Captioned web images
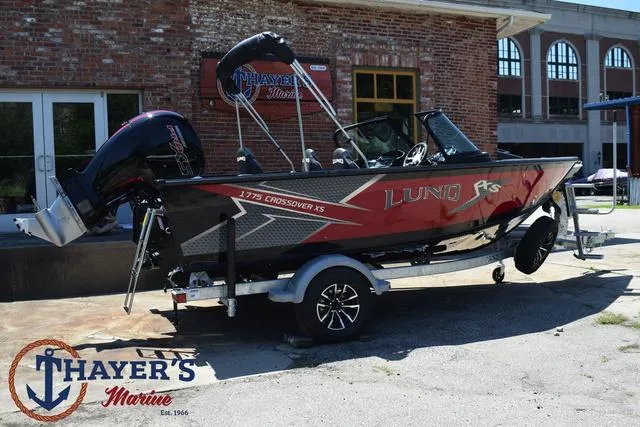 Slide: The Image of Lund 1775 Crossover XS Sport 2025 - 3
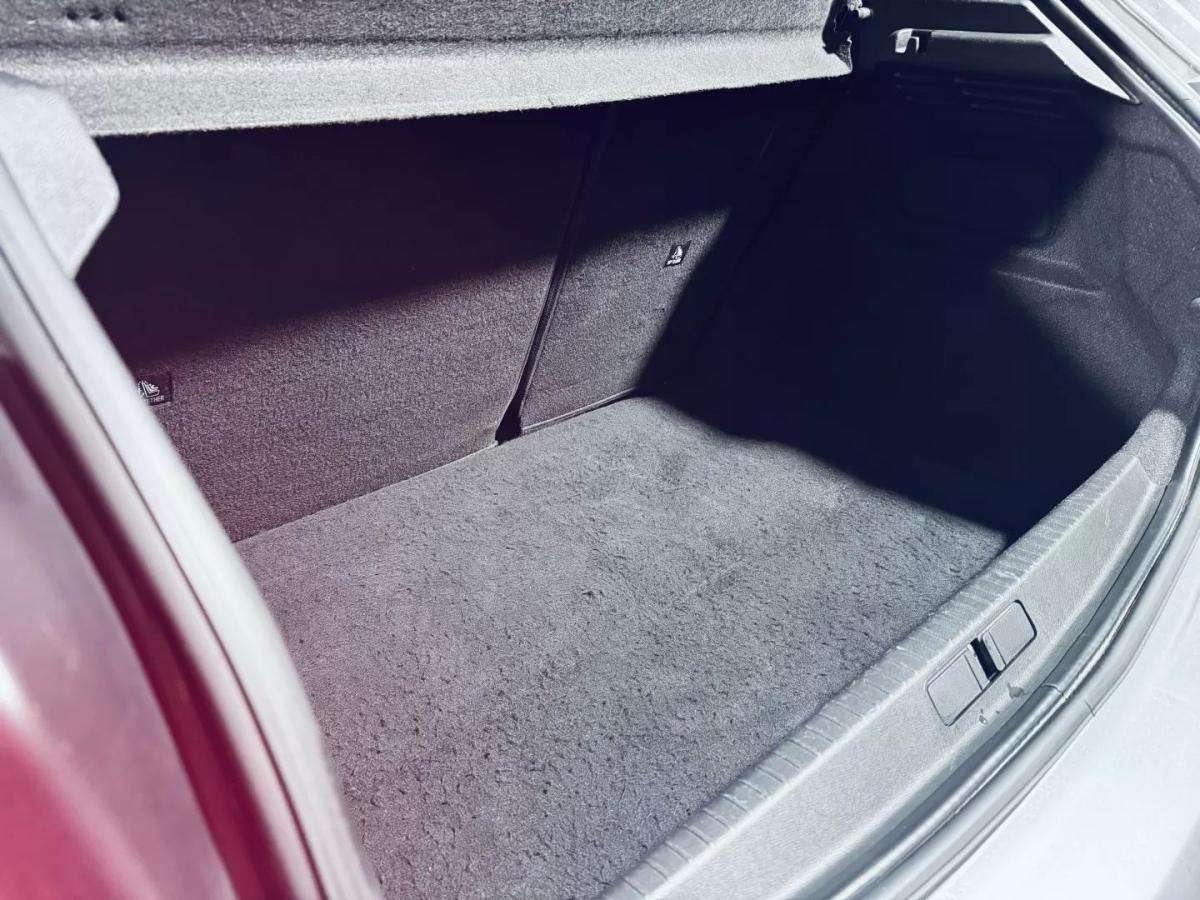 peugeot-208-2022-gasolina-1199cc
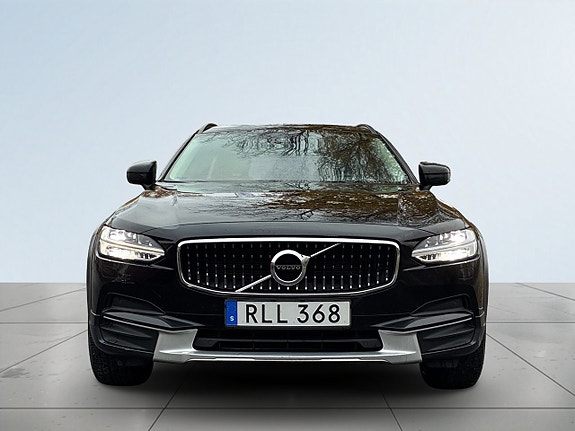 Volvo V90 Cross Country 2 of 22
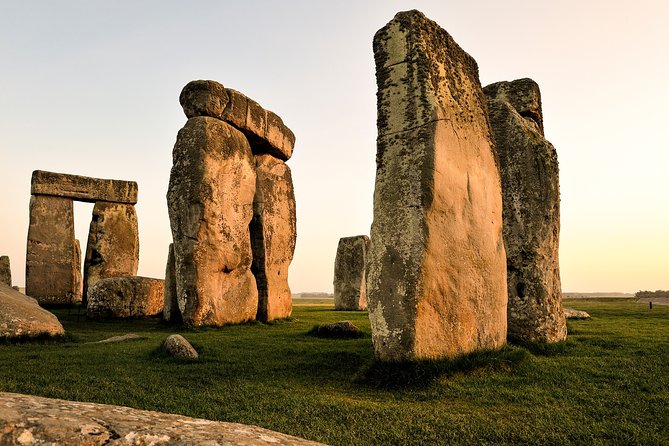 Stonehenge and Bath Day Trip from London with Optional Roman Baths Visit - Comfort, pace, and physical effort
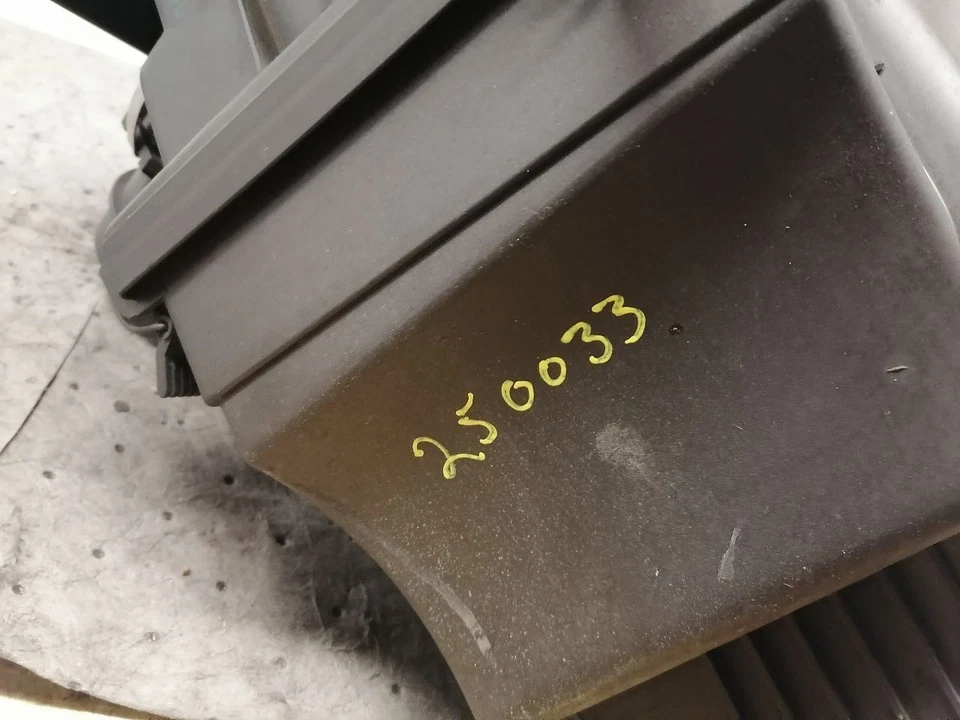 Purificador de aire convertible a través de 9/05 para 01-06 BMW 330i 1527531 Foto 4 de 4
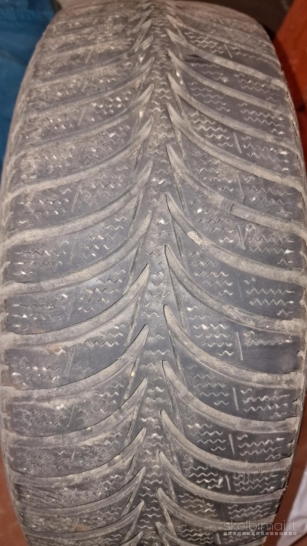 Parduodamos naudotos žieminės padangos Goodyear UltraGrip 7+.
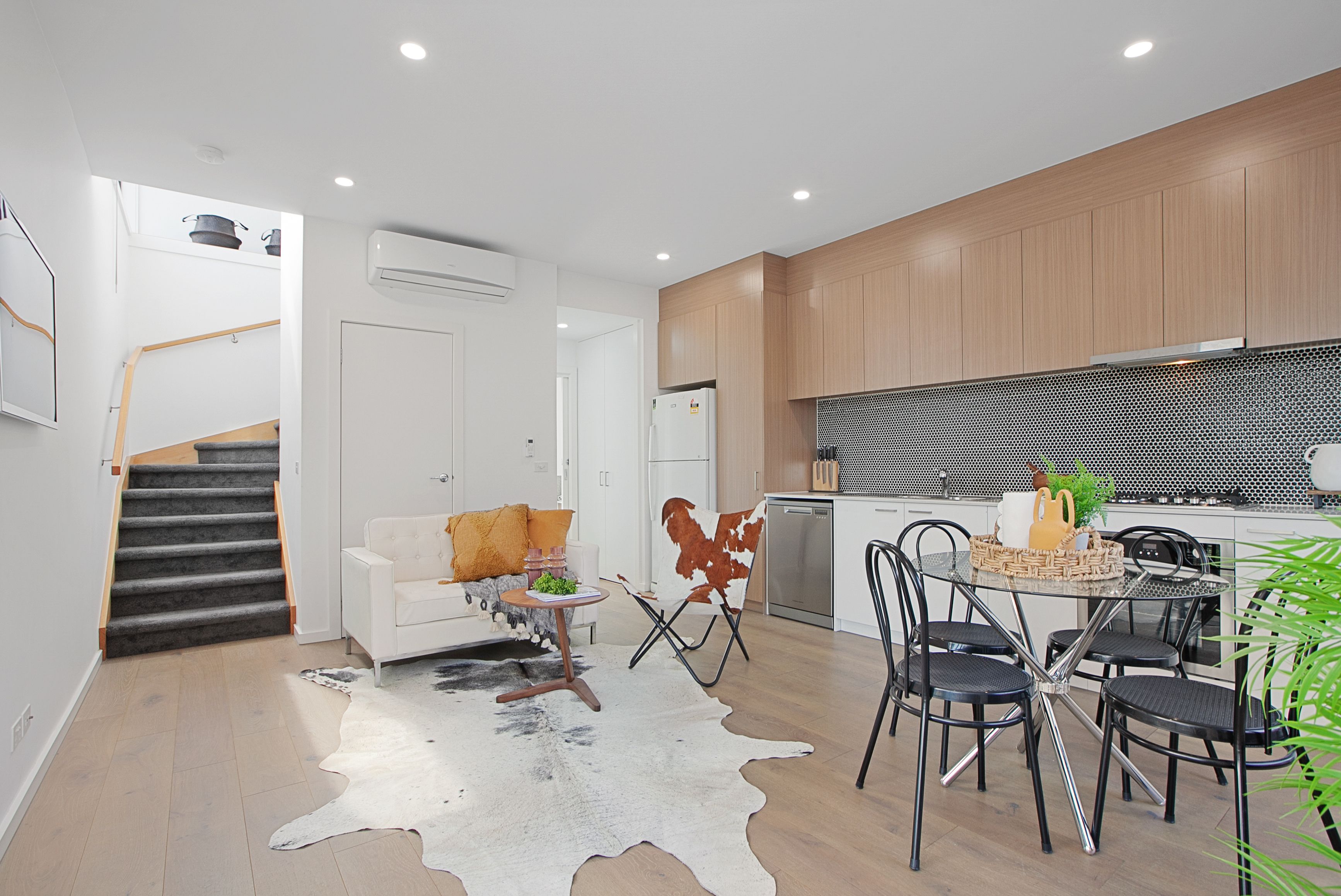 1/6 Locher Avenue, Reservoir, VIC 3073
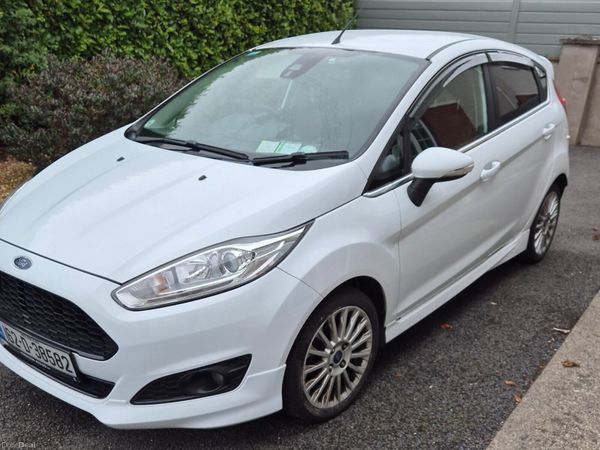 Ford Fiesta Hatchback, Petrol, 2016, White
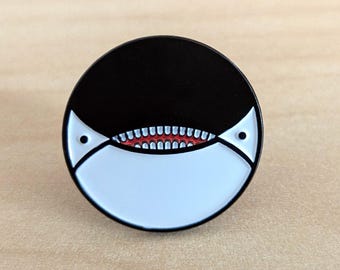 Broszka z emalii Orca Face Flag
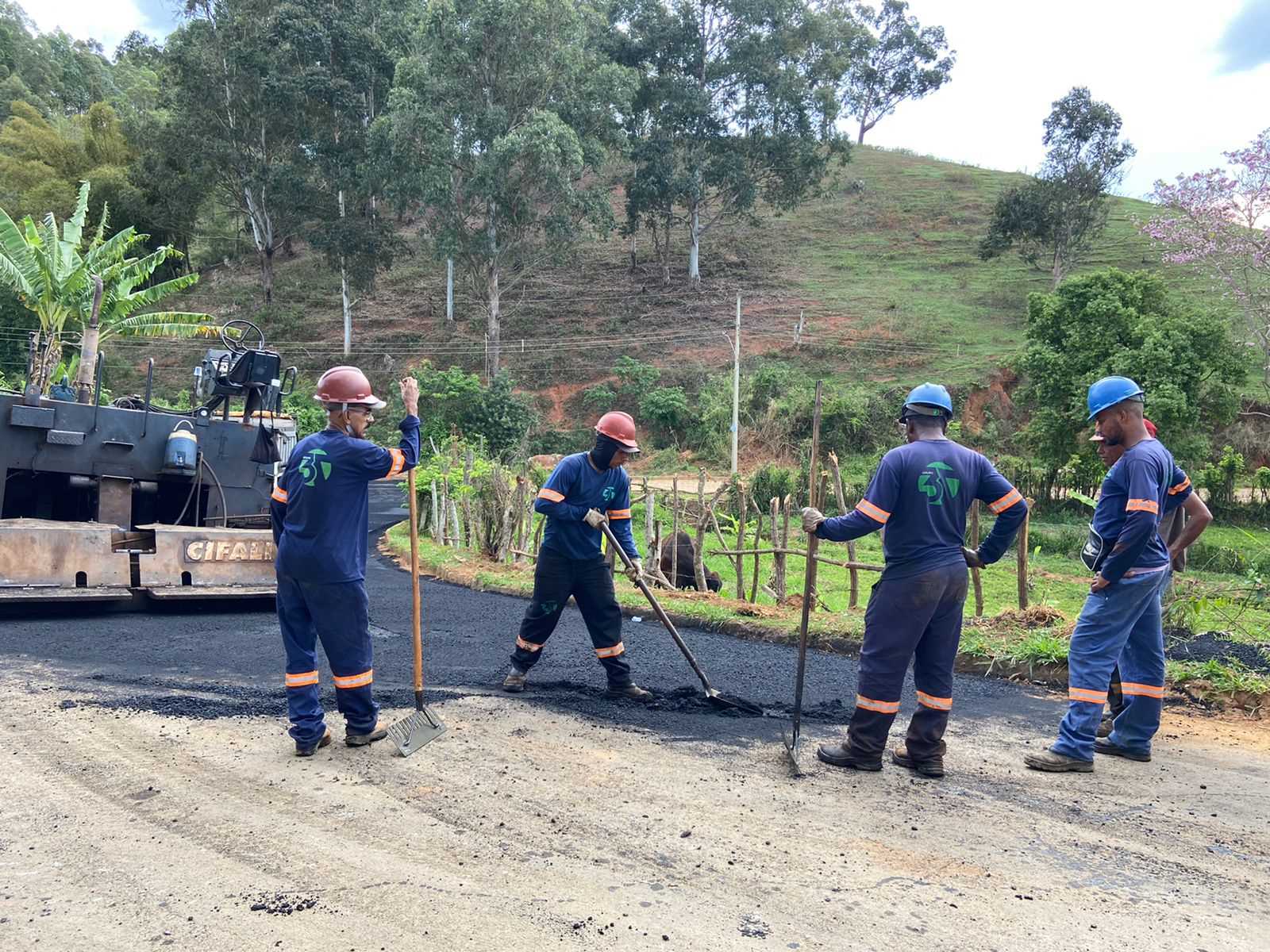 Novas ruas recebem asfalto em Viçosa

● What the task requires: The entries above must be output exactly, with every image left out.

● Completed task:
 Slide: The Image of Lund 1775 Crossover XS Sport 2025 - 3
 peugeot-208-2022-gasolina-1199cc
 Volvo V90 Cross Country 2 of 22
 Stonehenge and Bath Day Trip from London with Optional Roman Baths Visit - Comfort, pace, and physical effort
 Purificador de aire convertible a través de 9/05 para 01-06 BMW 330i 1527531 Foto 4 de 4
 Parduodamos naudotos žieminės padangos Goodyear UltraGrip 7+.
 1/6 Locher Avenue, Reservoir, VIC 3073
 Ford Fiesta Hatchback, Petrol, 2016, White
 Broszka z emalii Orca Face Flag
 Novas ruas recebem asfalto em Viçosa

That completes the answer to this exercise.